Alegria era pescar na praia, pingado de padaria, mandioca frita. Alegria era bloco de carnaval na rua e banda de palhaço. Alegria era contar piada o dia inteiro e rir de desenhos animados com a gente. Alegria era deitar no seu colo pra assistir filme de bang-bang antes de dormir. Ele fazia a melhor pizza do mundo, ele me ensinou que as rosas falavam. Ele me mostrou o quanto as rugas vão aumentando com o tempo, entre os dedos grossos que entrelaçavam as minhas mãos todos os dias nas poltronas lado a lado. Ele me ensinou que todo mundo é amigo, até que nos provem o contrário. Ele era a vida mais natural que eu já conheci, ele era a chácara da USP, as galinhas correndo no campo, ele era meu abacateiro e minha pitangueira. Ele era a visita certa de todo fim de tarde, a que trazia  mangas de presente, porque sempre soube que eu gostava de manga. Ele era os pequenos detalhes, o caldo da cana, o radinho de pilha. O meu colo no sofá de casa contando as minhas melhores histórias, meus contos de fada reais.
Era com ele que eu dividia o quarto quando dormia em sua casa, e ele era meu maior herói e me protegeria dos monstros que entrariam pela janela. Foram pra ele todos os meus presentes feitos na escola, todo o meu amor de filha.
Era ele quem me chamava de Mizinha e virava o mundo de cabeça pra baixo por mim. Era ele quem me visitava no trabalho à tarde, e ninguém reclamava disso, porque era lindo receber uma visita assim no trabalho.
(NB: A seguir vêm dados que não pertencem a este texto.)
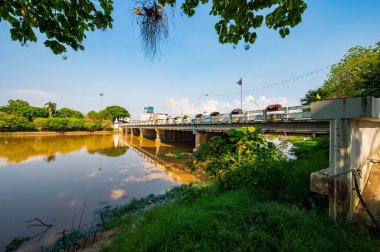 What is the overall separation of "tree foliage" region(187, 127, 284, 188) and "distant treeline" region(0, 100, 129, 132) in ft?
218

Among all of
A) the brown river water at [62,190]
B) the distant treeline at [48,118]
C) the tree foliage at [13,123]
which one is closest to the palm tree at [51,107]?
the distant treeline at [48,118]

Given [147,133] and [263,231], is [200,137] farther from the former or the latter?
[147,133]

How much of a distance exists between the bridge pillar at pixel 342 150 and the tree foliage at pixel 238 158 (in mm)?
2238

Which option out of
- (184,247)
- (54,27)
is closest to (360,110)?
(184,247)

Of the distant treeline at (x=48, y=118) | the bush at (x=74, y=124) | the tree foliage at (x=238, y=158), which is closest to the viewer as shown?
the tree foliage at (x=238, y=158)

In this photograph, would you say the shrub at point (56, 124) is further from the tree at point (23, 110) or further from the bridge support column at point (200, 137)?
the bridge support column at point (200, 137)

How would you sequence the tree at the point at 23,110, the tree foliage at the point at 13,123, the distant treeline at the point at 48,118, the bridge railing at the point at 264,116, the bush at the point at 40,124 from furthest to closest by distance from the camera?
the tree at the point at 23,110, the bush at the point at 40,124, the distant treeline at the point at 48,118, the tree foliage at the point at 13,123, the bridge railing at the point at 264,116

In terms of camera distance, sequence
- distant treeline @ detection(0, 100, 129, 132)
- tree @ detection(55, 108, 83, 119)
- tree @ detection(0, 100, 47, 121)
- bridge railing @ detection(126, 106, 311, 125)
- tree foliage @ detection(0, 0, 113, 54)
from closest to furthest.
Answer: tree foliage @ detection(0, 0, 113, 54), bridge railing @ detection(126, 106, 311, 125), distant treeline @ detection(0, 100, 129, 132), tree @ detection(0, 100, 47, 121), tree @ detection(55, 108, 83, 119)

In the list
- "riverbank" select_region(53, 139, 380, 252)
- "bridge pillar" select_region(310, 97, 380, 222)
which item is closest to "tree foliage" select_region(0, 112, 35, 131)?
"riverbank" select_region(53, 139, 380, 252)

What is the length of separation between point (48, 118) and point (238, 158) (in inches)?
2861

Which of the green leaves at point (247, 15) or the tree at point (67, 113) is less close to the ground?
the tree at point (67, 113)

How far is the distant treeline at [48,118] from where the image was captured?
53719 mm

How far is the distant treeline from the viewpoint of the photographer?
5372 centimetres

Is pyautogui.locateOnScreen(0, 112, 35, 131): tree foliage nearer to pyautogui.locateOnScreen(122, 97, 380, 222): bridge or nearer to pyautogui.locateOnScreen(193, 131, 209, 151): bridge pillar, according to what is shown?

Era com ele que eu almoçava toda quinta-feira e todo domingo, era dele que eu cuidava quando começou a ficar doente.
Foi ele quem disse antes de partir para não chorar, porque a vida é assim mesmo. Não chora, Mi. Não chora agora.
Ele foi minha maior alegria, meu melhor amigo, meu maior significado de vida. Ele foi minha maior dor, minha maior perda.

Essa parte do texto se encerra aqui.